Activity
Transcribe, word for word and without additions, each line below from the one containing "Beef Shank Stew Bear Cusine" through the one containing "Casablanca White 'Casa", both ends included.
- - - - -
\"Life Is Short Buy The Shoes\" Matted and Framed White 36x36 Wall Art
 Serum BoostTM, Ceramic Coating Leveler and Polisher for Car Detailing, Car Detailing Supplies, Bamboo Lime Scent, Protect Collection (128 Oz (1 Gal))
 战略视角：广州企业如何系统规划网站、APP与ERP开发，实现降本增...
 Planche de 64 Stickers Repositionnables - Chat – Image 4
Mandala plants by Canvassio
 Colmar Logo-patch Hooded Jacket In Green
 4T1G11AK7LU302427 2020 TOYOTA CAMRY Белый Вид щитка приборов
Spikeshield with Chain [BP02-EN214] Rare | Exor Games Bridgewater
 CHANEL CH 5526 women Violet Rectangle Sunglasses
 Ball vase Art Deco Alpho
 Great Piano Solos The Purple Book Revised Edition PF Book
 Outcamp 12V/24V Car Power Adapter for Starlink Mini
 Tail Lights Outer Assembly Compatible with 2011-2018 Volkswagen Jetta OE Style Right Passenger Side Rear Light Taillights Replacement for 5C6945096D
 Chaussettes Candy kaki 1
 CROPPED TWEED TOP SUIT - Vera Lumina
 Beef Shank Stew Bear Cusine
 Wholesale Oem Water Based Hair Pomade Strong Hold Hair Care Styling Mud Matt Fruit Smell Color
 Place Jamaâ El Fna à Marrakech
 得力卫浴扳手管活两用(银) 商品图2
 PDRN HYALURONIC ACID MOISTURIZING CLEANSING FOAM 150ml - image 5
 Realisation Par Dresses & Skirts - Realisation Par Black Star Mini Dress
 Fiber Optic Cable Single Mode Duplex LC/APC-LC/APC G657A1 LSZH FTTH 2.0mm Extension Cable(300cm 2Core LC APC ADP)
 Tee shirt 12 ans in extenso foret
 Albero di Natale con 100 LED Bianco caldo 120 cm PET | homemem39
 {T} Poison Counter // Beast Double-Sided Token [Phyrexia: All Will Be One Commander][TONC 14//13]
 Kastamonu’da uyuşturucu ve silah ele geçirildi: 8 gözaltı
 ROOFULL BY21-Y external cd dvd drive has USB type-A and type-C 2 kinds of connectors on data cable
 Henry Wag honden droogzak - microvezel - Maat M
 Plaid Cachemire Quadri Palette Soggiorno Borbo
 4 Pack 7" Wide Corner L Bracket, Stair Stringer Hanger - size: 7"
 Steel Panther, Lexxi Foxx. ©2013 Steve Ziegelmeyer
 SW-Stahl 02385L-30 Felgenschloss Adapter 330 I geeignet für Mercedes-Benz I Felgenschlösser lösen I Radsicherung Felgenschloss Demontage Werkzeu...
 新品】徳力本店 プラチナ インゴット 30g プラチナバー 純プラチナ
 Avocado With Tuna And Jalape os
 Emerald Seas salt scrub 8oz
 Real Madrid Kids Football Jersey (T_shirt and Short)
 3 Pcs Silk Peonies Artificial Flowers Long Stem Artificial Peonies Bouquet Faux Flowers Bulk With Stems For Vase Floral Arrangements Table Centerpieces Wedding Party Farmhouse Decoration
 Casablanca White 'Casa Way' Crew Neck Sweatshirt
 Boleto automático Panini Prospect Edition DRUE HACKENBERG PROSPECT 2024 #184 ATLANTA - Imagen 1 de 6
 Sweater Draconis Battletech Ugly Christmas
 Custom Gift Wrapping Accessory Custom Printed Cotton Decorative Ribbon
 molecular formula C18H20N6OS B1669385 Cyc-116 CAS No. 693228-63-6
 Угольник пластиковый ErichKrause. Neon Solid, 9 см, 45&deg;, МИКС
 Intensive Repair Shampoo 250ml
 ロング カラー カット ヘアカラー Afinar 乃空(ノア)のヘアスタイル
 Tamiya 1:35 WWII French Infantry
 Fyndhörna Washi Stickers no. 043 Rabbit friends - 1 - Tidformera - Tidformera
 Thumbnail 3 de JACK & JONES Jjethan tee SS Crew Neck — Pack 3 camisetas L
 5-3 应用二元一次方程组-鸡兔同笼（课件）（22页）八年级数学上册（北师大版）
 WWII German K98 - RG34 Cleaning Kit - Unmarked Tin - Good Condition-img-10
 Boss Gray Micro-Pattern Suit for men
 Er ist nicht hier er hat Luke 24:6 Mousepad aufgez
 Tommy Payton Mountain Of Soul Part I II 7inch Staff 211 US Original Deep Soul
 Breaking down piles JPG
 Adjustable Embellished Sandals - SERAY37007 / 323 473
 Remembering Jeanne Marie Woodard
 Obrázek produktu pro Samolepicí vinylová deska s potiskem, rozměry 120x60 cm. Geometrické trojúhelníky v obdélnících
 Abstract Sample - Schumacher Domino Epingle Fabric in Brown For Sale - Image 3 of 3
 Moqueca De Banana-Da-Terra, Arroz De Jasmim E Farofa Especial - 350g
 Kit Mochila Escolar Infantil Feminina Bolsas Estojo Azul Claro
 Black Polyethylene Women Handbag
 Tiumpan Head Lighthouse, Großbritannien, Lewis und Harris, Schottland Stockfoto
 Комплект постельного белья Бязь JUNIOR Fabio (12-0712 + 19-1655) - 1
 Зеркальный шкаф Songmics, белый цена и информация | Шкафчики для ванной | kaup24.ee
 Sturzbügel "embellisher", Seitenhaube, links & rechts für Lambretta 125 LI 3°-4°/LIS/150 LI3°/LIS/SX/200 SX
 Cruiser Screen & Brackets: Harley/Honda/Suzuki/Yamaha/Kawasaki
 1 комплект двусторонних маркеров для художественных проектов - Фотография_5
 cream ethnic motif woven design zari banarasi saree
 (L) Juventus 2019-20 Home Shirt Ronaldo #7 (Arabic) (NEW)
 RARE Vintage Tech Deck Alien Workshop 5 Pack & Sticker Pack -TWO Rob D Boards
- - - - -
Answer for this exercise
 Beef Shank Stew Bear Cusine
 Wholesale Oem Water Based Hair Pomade Strong Hold Hair Care Styling Mud Matt Fruit Smell Color
 Place Jamaâ El Fna à Marrakech
 得力卫浴扳手管活两用(银) 商品图2
 PDRN HYALURONIC ACID MOISTURIZING CLEANSING FOAM 150ml - image 5
 Realisation Par Dresses & Skirts - Realisation Par Black Star Mini Dress
 Fiber Optic Cable Single Mode Duplex LC/APC-LC/APC G657A1 LSZH FTTH 2.0mm Extension Cable(300cm 2Core LC APC ADP)
 Tee shirt 12 ans in extenso foret
 Albero di Natale con 100 LED Bianco caldo 120 cm PET | homemem39
 {T} Poison Counter // Beast Double-Sided Token [Phyrexia: All Will Be One Commander][TONC 14//13]
 Kastamonu’da uyuşturucu ve silah ele geçirildi: 8 gözaltı
 ROOFULL BY21-Y external cd dvd drive has USB type-A and type-C 2 kinds of connectors on data cable
 Henry Wag honden droogzak - microvezel - Maat M
 Plaid Cachemire Quadri Palette Soggiorno Borbo
 4 Pack 7" Wide Corner L Bracket, Stair Stringer Hanger - size: 7"
 Steel Panther, Lexxi Foxx. ©2013 Steve Ziegelmeyer
 SW-Stahl 02385L-30 Felgenschloss Adapter 330 I geeignet für Mercedes-Benz I Felgenschlösser lösen I Radsicherung Felgenschloss Demontage Werkzeu...
 新品】徳力本店 プラチナ インゴット 30g プラチナバー 純プラチナ
 Avocado With Tuna And Jalape os
 Emerald Seas salt scrub 8oz
 Real Madrid Kids Football Jersey (T_shirt and Short)
 3 Pcs Silk Peonies Artificial Flowers Long Stem Artificial Peonies Bouquet Faux Flowers Bulk With Stems For Vase Floral Arrangements Table Centerpieces Wedding Party Farmhouse Decoration
 Casablanca White 'Casa Way' Crew Neck Sweatshirt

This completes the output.